Firstly, we're sorry that you're experiencing disruption. If there is an incident ongoing, please have a look at the current incidents for information. If the is no current incident listed there, but you believe that there is disruption, then please contact support or open a support ticket. We're committed to ensuring that we provide the best possible service for all of our customers, and we need to know if you're having issues. We do provide an uptime guarantee as part of our Service Level Agreement, so if you have a paid account, please let us know what you're experiencing so we can determine whether or not you're eligible for service credit. Again, we're sorry if disruption is having an impact for you, and we will do what we can to remedy that.
The question now is why we're not indicating downtime in the status site. The most likely reason is that the service is still generally available, but some incident is causing local disruption - either in a specific region, or only for certain accounts, or perhaps only affecting certain operations. The reality is that disruption never has a binary outcome - the service being either up or down - instead, customers experience higher than normal error rates, or latencies, or perhaps failures for specific channels. The uptime indication on the status site is a reflection of whether or not the service is generally available and, on those few occasions that there is service disruption that has a significant adverse impact, we do see that operations continue for most customers with little or no impact, whereas some customers are impacted significantly.
We would like to have a more objective way to define when there is degraded service, both generally and for a specific app or account. We are looking at how we can do this, but it is a genuinely complex problem to come up with an objective measure that is representative of the actual disruption or impact experienced by a given customer. In the future, for example, we plan to gather specific error statistics for apps and accounts where there are error counts for each error code, and we could use these stats as part of a more objective definition of when there is degraded service, for one customer or generally.
Note also that it is the nature of internet-scale operations that specific regions do experience issues - either because of problems in our own operations, or those of the providers we depend on such as Amazon AWS. We address this issue by having service available in multiple regions globally, and ensuring that our libraries will access the Ably service in a different region if they experience errors in their closest region. Sometimes we will explicitly route traffic away from failing regions in order to minimise the impact until the situation is resolved. This kind of situation is unavoidable on occasions - we would not indicate this as the service being unavailable unless we continue to route traffic to the failing region.

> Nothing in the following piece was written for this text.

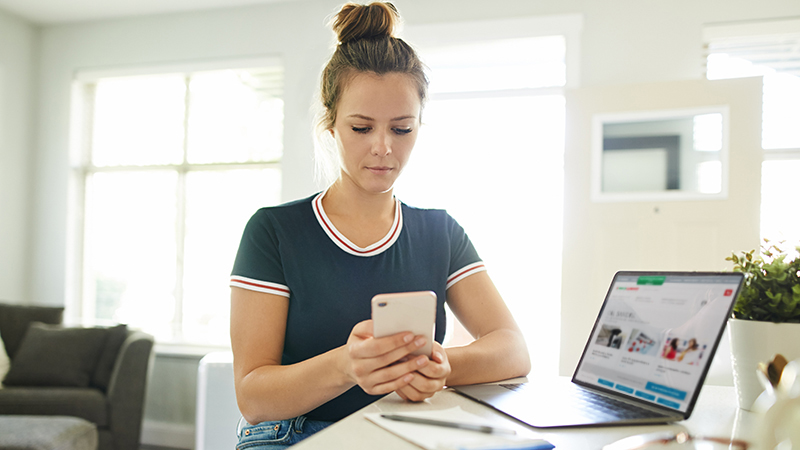 rapariga com telemóvel na mão numa secretária com computador
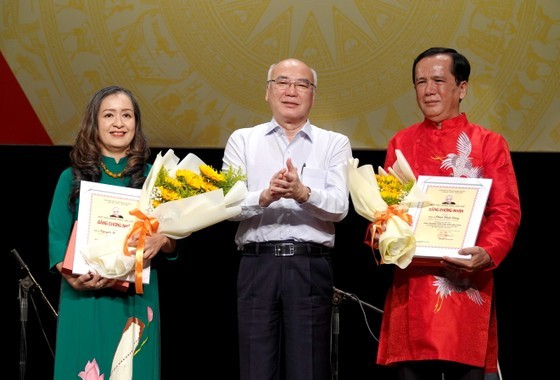 Head of the Propaganda and Education Board of the City Party Committee Phan Nguyen Nhu Khue (C) offer Tran Van Khe Awards to Meritorious Artist Nguyen Thi Hai Phuong, head of the Department of Folk Music of the HCMC Conservatory of Music (L); and MA.Phan Nhut Dung, a folk musician. (Photo: SGGP)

So, if you are experiencing disruption, but we are not indicating downtime on the status site then:
- We're sorry - we do aim to provide the best possible service at all times;
- Check out latest incident updates for more information;
- Let us know. We do stand by our SLA commitments (and for clarity, nothing in this article modifies or takes away from the effectiveness of the SLA, and the SLA controls in the event of any conflict or inconsistency between this posting and the SLA), and we will try always to be reasonable in remedying any issues that you experience.